### WHAT TO PRODUCE
What is the number of lines in this listing that include "Skirt"? Answer with that number only.

### WORKING DATA
----------
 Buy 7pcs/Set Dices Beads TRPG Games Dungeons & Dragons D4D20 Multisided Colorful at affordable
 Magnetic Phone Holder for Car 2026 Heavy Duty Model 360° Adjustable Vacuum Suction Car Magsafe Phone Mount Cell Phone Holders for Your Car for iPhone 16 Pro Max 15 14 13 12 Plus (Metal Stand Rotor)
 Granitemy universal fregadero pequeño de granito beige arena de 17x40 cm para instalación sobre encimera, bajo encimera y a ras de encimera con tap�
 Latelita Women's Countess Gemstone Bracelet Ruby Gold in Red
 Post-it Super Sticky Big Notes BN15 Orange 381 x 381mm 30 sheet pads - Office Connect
----------
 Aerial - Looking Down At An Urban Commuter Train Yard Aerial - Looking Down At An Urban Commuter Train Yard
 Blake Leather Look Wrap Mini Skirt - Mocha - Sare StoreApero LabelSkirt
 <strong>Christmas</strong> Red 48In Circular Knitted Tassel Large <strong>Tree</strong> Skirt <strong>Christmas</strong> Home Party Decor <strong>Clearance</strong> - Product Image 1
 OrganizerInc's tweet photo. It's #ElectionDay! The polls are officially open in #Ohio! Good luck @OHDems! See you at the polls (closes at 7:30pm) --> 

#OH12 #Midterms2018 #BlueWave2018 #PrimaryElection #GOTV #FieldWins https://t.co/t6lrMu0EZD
----------
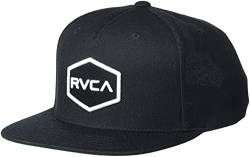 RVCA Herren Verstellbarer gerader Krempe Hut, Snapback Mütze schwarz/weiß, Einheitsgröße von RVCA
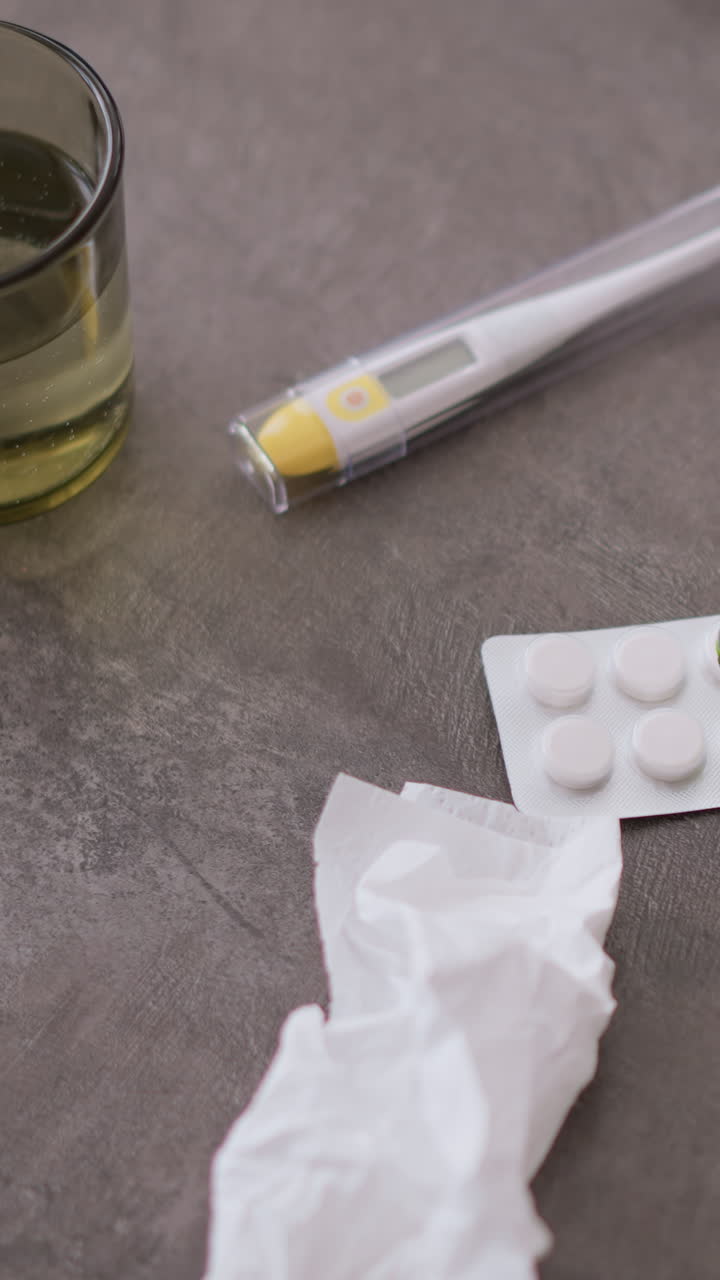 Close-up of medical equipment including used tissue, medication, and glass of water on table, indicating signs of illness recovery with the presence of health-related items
----------
### EXERCISE ANSWER
2